■ **What to work on**
Set out exactly, line by line, the stretch of data below that begins at the line containing "Dell Блок живлення" and ends at the line containing "WetAir MWH4-50L", with both ends kept.

■ **Data extract**
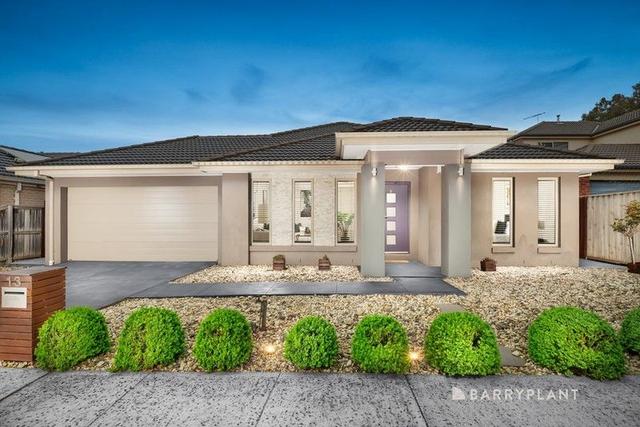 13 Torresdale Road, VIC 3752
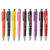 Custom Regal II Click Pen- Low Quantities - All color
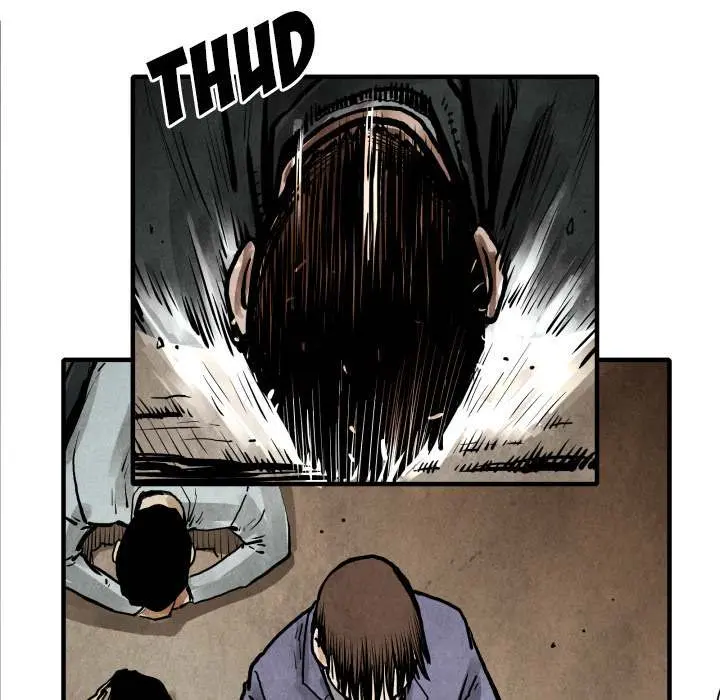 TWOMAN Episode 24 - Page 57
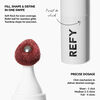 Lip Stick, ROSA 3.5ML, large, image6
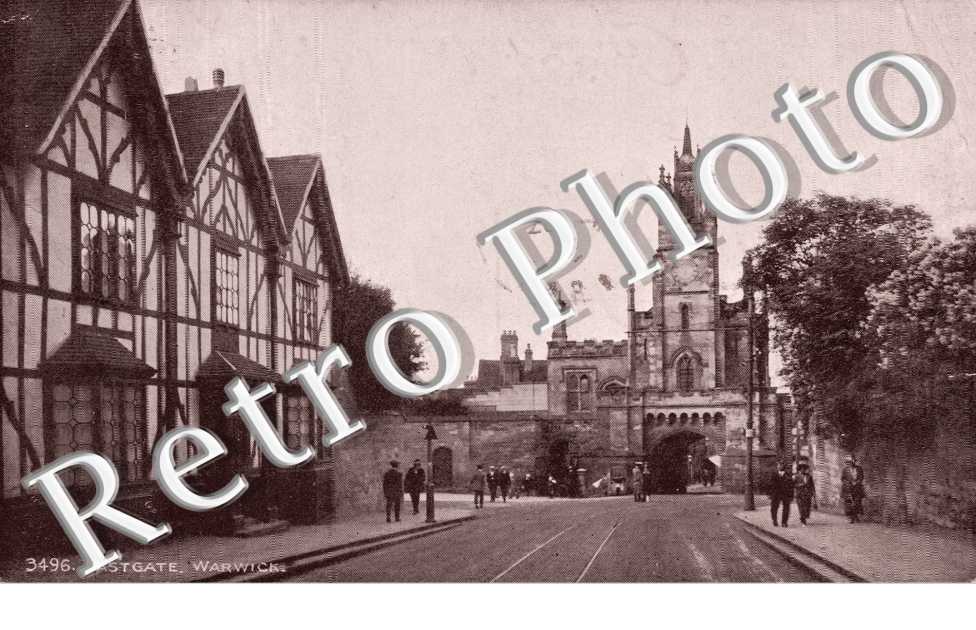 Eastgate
--
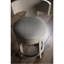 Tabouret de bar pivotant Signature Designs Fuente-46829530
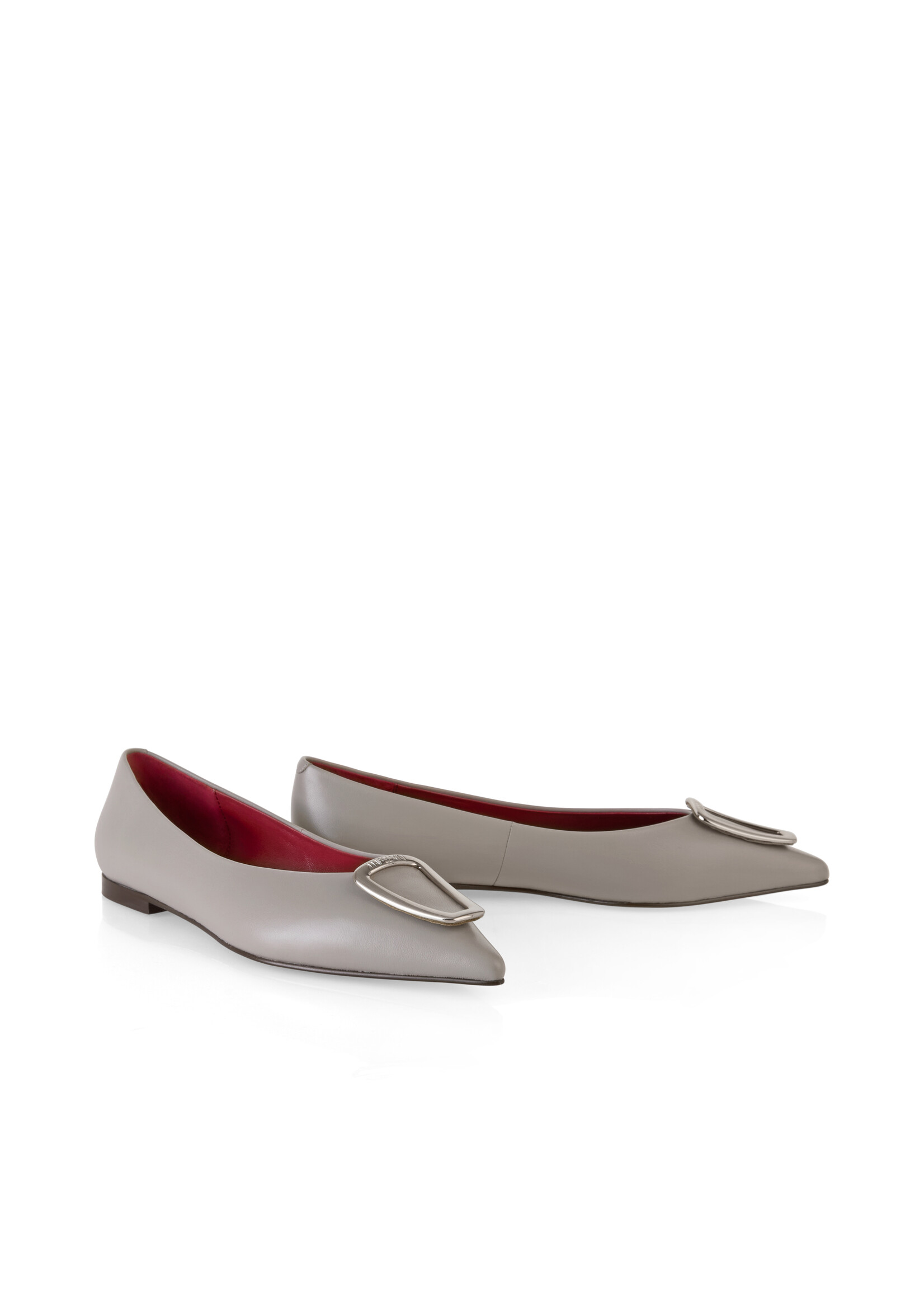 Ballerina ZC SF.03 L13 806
...
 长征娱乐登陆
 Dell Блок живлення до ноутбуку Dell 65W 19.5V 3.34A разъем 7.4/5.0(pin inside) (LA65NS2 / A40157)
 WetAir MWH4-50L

■ **Solution**
 Dell Блок живлення до ноутбуку Dell 65W 19.5V 3.34A разъем 7.4/5.0(pin inside) (LA65NS2 / A40157)
 WetAir MWH4-50L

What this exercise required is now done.